Of course, these are concessions to sparring and training in the modern world, up to a point. But it does make the noble argument of oppression somewhat irrelevant.

Battle Cats

On page 48, Fudebakudo describes the use of cats in hand-to-hand combat. When I was researching this unusual activity, I missed Jeff de Boer's astonishing armour for cats.

The original impetus for Fudebakudo's Battle Cats of Burma story was triggered on a trip out of Bangkok. Idly flicking through the Thai Airways in-flight magazine, a photograph caught my eye because — to my surprise — it was a face I knew. It was a cat, one that lived upstairs above one of the aikido dojo in Bangkok, with a quizzical expression and a striking pair of eyes: one green and one blue. Such creatures (called khao manee in Thai) are considered propitious and can fetch appropriately high prices. This one lived an indulged, air-conditioned life with a few pedigree cat friends (although those all had the regulation two blue eyes). It sometimes sat on the stairs looking down on the aikido classes through the smoked glass door to the dojo.
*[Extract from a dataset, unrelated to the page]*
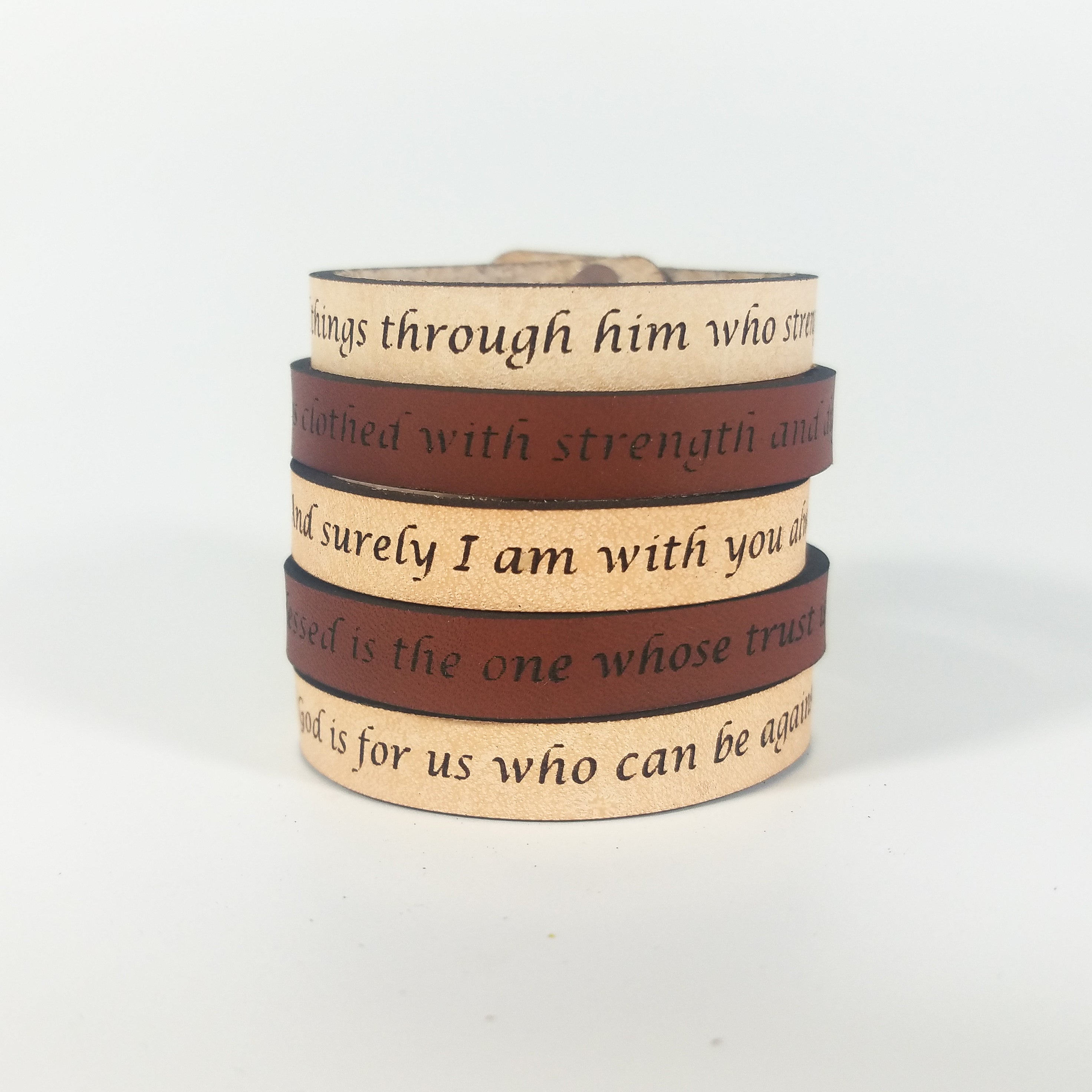 The Spiritual Quote Bracelet made of genuine leather features an adjustable button closure and is inscribed with the message: "If God is for us, who can be against us.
So I read the article, which was about the history of Siamese cats. Within it was a throwaway line about the warriors of Ayudhya carrying cats into battle on their shoulders.

Of course, this kicked off a line of research that led me to arrange a meeting with the journalist when I returned to Bangkok. It didn't seem suspicious at the time, but he was a hard man to catch, and after a couple of failed meetings, he suggested instead that I could find out more from Martin Clutterbuck, one of the world's foremost experts on Siamese cats. I contacted Mr Clutterbuck and described the use of cats in battle to him, asking if he could give me more precision on, for example, the provinces where such warriors may have come from, and the kind of training they used to prepare their cats for combat. He replied with a polite but slightly exasperated email saying that if the story had even one shred of truth to it, he would have certainly known of it; but that this was the first he had ever heard of such a thing.

So two things resulted. One is a grudging respect for the bald-faced inventiveness of the journalist concerned. I decline to mention his full name here (Michael Something) because there is honour amongst thieves… I changed "Siamese" to "Burmese," and put the tall tale into the book. It's harder to check the facts of a story based in Myanmar rather than Thailand, you see. Perhaps one day someone will.

Incidentally, I did find one other intriguing precedent of cats being present on a battlefield. Soldiers of one ancient army, marching to do battle against the Egyptians, are recorded as having carried cats with them — not as weapons, but in the belief that the feline-worshipping Egyptians would not strike them, for fear of harming the cats. A human shield, but,well, made of cats. Strange but true.